**Exercise objective:** Word for word, retype every record in the listing.
[[ The records open ]]
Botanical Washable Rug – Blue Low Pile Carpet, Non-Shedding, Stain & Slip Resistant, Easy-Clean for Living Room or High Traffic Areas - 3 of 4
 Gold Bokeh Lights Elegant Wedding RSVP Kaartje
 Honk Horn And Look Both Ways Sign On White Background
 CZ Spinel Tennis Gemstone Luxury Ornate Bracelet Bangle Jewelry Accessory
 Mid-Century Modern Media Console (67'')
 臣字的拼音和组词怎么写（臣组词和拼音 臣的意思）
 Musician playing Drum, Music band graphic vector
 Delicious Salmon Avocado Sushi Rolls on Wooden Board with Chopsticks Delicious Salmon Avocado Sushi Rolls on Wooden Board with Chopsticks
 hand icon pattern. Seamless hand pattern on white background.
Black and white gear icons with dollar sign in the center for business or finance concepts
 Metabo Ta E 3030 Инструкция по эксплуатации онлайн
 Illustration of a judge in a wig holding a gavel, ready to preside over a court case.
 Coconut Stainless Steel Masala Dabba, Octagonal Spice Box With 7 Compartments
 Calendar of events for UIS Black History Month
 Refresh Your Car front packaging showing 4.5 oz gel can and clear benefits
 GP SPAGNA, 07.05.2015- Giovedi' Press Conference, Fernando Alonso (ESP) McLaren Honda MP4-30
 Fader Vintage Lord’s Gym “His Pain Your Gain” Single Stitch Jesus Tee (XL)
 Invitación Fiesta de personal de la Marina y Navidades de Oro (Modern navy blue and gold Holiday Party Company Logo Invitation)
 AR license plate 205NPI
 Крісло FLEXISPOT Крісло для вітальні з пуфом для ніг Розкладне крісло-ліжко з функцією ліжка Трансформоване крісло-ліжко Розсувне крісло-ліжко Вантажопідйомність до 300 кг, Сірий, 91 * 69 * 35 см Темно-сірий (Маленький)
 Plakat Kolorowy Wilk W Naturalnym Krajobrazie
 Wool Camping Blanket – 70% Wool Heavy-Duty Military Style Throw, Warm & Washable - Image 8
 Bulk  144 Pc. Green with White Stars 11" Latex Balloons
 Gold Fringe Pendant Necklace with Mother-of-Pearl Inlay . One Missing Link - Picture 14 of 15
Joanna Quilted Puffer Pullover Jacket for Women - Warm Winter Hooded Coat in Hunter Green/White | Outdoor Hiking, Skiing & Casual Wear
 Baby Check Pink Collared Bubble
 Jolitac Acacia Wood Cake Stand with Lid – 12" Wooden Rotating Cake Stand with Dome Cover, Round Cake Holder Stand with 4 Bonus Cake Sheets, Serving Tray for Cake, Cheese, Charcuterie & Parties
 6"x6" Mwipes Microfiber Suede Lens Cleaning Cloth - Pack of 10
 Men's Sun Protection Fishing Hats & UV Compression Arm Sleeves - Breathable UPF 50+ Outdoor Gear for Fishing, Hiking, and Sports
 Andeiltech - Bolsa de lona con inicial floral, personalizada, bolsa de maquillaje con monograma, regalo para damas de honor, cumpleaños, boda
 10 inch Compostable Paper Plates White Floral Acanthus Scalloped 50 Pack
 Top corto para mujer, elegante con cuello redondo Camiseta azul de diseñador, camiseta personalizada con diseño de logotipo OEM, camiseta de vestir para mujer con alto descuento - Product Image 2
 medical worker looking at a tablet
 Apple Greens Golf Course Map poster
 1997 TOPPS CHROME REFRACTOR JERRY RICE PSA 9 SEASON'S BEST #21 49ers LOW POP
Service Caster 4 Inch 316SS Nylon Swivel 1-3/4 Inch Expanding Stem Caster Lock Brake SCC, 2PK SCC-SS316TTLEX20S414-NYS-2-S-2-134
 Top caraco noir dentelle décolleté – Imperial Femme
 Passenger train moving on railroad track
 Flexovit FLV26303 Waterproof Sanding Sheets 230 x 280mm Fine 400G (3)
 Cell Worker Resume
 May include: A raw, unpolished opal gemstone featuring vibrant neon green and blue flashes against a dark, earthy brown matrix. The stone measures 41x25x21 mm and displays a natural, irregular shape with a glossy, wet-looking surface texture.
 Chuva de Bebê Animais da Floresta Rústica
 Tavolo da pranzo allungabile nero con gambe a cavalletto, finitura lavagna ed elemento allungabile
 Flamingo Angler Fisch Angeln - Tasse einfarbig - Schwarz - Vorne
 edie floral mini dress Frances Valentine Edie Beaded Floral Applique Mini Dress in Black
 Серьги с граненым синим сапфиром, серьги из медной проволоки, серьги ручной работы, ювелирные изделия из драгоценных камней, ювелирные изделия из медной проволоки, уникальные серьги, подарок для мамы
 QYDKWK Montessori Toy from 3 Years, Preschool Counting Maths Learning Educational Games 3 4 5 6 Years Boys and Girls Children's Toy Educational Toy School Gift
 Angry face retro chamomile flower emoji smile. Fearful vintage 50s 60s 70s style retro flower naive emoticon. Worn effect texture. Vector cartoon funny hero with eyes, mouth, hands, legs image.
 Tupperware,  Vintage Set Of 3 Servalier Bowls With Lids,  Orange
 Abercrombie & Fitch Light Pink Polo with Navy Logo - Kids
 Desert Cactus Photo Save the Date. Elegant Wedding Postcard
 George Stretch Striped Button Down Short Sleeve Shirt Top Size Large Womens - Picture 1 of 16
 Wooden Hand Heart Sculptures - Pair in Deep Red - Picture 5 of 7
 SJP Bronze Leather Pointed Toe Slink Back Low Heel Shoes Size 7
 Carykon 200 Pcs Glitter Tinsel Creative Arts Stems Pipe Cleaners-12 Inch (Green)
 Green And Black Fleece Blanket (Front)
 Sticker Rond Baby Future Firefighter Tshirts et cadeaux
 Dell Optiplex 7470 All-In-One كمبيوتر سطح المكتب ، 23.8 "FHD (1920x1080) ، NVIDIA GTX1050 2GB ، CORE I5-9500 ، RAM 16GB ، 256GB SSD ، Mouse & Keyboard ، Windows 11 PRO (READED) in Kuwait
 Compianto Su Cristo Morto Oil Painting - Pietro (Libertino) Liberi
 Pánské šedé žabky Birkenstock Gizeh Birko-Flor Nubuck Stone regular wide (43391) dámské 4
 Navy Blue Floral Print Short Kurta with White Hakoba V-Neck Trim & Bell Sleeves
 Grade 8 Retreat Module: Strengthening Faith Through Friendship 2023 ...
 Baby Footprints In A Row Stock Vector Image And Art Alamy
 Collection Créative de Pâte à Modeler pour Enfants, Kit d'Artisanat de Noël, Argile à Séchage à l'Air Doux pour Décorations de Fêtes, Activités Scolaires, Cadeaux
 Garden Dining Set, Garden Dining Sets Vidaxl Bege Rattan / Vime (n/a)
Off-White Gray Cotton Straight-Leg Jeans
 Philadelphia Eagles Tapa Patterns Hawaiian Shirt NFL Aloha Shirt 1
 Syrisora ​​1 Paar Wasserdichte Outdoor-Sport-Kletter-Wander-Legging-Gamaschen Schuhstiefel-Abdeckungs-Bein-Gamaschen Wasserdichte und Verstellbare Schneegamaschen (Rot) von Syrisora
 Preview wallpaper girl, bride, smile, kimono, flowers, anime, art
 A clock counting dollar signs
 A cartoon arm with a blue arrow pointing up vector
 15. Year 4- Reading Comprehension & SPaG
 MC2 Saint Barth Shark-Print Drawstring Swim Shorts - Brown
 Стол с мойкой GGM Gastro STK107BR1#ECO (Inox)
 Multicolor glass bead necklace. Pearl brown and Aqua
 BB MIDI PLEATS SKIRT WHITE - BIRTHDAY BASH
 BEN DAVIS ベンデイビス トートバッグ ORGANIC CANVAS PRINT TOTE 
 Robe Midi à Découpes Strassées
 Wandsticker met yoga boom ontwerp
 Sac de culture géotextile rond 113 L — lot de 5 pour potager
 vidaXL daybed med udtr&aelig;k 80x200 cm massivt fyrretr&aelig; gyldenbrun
[[ The records closed ]]
**Reply:**
Botanical Washable Rug – Blue Low Pile Carpet, Non-Shedding, Stain & Slip Resistant, Easy-Clean for Living Room or High Traffic Areas - 3 of 4
 Gold Bokeh Lights Elegant Wedding RSVP Kaartje
 Honk Horn And Look Both Ways Sign On White Background
 CZ Spinel Tennis Gemstone Luxury Ornate Bracelet Bangle Jewelry Accessory
 Mid-Century Modern Media Console (67'')
 臣字的拼音和组词怎么写（臣组词和拼音 臣的意思）
 Musician playing Drum, Music band graphic vector
 Delicious Salmon Avocado Sushi Rolls on Wooden Board with Chopsticks Delicious Salmon Avocado Sushi Rolls on Wooden Board with Chopsticks
 hand icon pattern. Seamless hand pattern on white background.
Black and white gear icons with dollar sign in the center for business or finance concepts
 Metabo Ta E 3030 Инструкция по эксплуатации онлайн
 Illustration of a judge in a wig holding a gavel, ready to preside over a court case.
 Coconut Stainless Steel Masala Dabba, Octagonal Spice Box With 7 Compartments
 Calendar of events for UIS Black History Month
 Refresh Your Car front packaging showing 4.5 oz gel can and clear benefits
 GP SPAGNA, 07.05.2015- Giovedi' Press Conference, Fernando Alonso (ESP) McLaren Honda MP4-30
 Fader Vintage Lord’s Gym “His Pain Your Gain” Single Stitch Jesus Tee (XL)
 Invitación Fiesta de personal de la Marina y Navidades de Oro (Modern navy blue and gold Holiday Party Company Logo Invitation)
 AR license plate 205NPI
 Крісло FLEXISPOT Крісло для вітальні з пуфом для ніг Розкладне крісло-ліжко з функцією ліжка Трансформоване крісло-ліжко Розсувне крісло-ліжко Вантажопідйомність до 300 кг, Сірий, 91 * 69 * 35 см Темно-сірий (Маленький)
 Plakat Kolorowy Wilk W Naturalnym Krajobrazie
 Wool Camping Blanket – 70% Wool Heavy-Duty Military Style Throw, Warm & Washable - Image 8
 Bulk  144 Pc. Green with White Stars 11" Latex Balloons
 Gold Fringe Pendant Necklace with Mother-of-Pearl Inlay . One Missing Link - Picture 14 of 15
Joanna Quilted Puffer Pullover Jacket for Women - Warm Winter Hooded Coat in Hunter Green/White | Outdoor Hiking, Skiing & Casual Wear
 Baby Check Pink Collared Bubble
 Jolitac Acacia Wood Cake Stand with Lid – 12" Wooden Rotating Cake Stand with Dome Cover, Round Cake Holder Stand with 4 Bonus Cake Sheets, Serving Tray for Cake, Cheese, Charcuterie & Parties
 6"x6" Mwipes Microfiber Suede Lens Cleaning Cloth - Pack of 10
 Men's Sun Protection Fishing Hats & UV Compression Arm Sleeves - Breathable UPF 50+ Outdoor Gear for Fishing, Hiking, and Sports
 Andeiltech - Bolsa de lona con inicial floral, personalizada, bolsa de maquillaje con monograma, regalo para damas de honor, cumpleaños, boda
 10 inch Compostable Paper Plates White Floral Acanthus Scalloped 50 Pack
 Top corto para mujer, elegante con cuello redondo Camiseta azul de diseñador, camiseta personalizada con diseño de logotipo OEM, camiseta de vestir para mujer con alto descuento - Product Image 2
 medical worker looking at a tablet
 Apple Greens Golf Course Map poster
 1997 TOPPS CHROME REFRACTOR JERRY RICE PSA 9 SEASON'S BEST #21 49ers LOW POP
Service Caster 4 Inch 316SS Nylon Swivel 1-3/4 Inch Expanding Stem Caster Lock Brake SCC, 2PK SCC-SS316TTLEX20S414-NYS-2-S-2-134
 Top caraco noir dentelle décolleté – Imperial Femme
 Passenger train moving on railroad track
 Flexovit FLV26303 Waterproof Sanding Sheets 230 x 280mm Fine 400G (3)
 Cell Worker Resume
 May include: A raw, unpolished opal gemstone featuring vibrant neon green and blue flashes against a dark, earthy brown matrix. The stone measures 41x25x21 mm and displays a natural, irregular shape with a glossy, wet-looking surface texture.
 Chuva de Bebê Animais da Floresta Rústica
 Tavolo da pranzo allungabile nero con gambe a cavalletto, finitura lavagna ed elemento allungabile
 Flamingo Angler Fisch Angeln - Tasse einfarbig - Schwarz - Vorne
 edie floral mini dress Frances Valentine Edie Beaded Floral Applique Mini Dress in Black
 Серьги с граненым синим сапфиром, серьги из медной проволоки, серьги ручной работы, ювелирные изделия из драгоценных камней, ювелирные изделия из медной проволоки, уникальные серьги, подарок для мамы
 QYDKWK Montessori Toy from 3 Years, Preschool Counting Maths Learning Educational Games 3 4 5 6 Years Boys and Girls Children's Toy Educational Toy School Gift
 Angry face retro chamomile flower emoji smile. Fearful vintage 50s 60s 70s style retro flower naive emoticon. Worn effect texture. Vector cartoon funny hero with eyes, mouth, hands, legs image.
 Tupperware,  Vintage Set Of 3 Servalier Bowls With Lids,  Orange
 Abercrombie & Fitch Light Pink Polo with Navy Logo - Kids
 Desert Cactus Photo Save the Date. Elegant Wedding Postcard
 George Stretch Striped Button Down Short Sleeve Shirt Top Size Large Womens - Picture 1 of 16
 Wooden Hand Heart Sculptures - Pair in Deep Red - Picture 5 of 7
 SJP Bronze Leather Pointed Toe Slink Back Low Heel Shoes Size 7
 Carykon 200 Pcs Glitter Tinsel Creative Arts Stems Pipe Cleaners-12 Inch (Green)
 Green And Black Fleece Blanket (Front)
 Sticker Rond Baby Future Firefighter Tshirts et cadeaux
 Dell Optiplex 7470 All-In-One كمبيوتر سطح المكتب ، 23.8 "FHD (1920x1080) ، NVIDIA GTX1050 2GB ، CORE I5-9500 ، RAM 16GB ، 256GB SSD ، Mouse & Keyboard ، Windows 11 PRO (READED) in Kuwait
 Compianto Su Cristo Morto Oil Painting - Pietro (Libertino) Liberi
 Pánské šedé žabky Birkenstock Gizeh Birko-Flor Nubuck Stone regular wide (43391) dámské 4
 Navy Blue Floral Print Short Kurta with White Hakoba V-Neck Trim & Bell Sleeves
 Grade 8 Retreat Module: Strengthening Faith Through Friendship 2023 ...
 Baby Footprints In A Row Stock Vector Image And Art Alamy
 Collection Créative de Pâte à Modeler pour Enfants, Kit d'Artisanat de Noël, Argile à Séchage à l'Air Doux pour Décorations de Fêtes, Activités Scolaires, Cadeaux
 Garden Dining Set, Garden Dining Sets Vidaxl Bege Rattan / Vime (n/a)
Off-White Gray Cotton Straight-Leg Jeans
 Philadelphia Eagles Tapa Patterns Hawaiian Shirt NFL Aloha Shirt 1
 Syrisora ​​1 Paar Wasserdichte Outdoor-Sport-Kletter-Wander-Legging-Gamaschen Schuhstiefel-Abdeckungs-Bein-Gamaschen Wasserdichte und Verstellbare Schneegamaschen (Rot) von Syrisora
 Preview wallpaper girl, bride, smile, kimono, flowers, anime, art
 A clock counting dollar signs
 A cartoon arm with a blue arrow pointing up vector
 15. Year 4- Reading Comprehension & SPaG
 MC2 Saint Barth Shark-Print Drawstring Swim Shorts - Brown
 Стол с мойкой GGM Gastro STK107BR1#ECO (Inox)
 Multicolor glass bead necklace. Pearl brown and Aqua
 BB MIDI PLEATS SKIRT WHITE - BIRTHDAY BASH
 BEN DAVIS ベンデイビス トートバッグ ORGANIC CANVAS PRINT TOTE 
 Robe Midi à Découpes Strassées
 Wandsticker met yoga boom ontwerp
 Sac de culture géotextile rond 113 L — lot de 5 pour potager
 vidaXL daybed med udtr&aelig;k 80x200 cm massivt fyrretr&aelig; gyldenbrun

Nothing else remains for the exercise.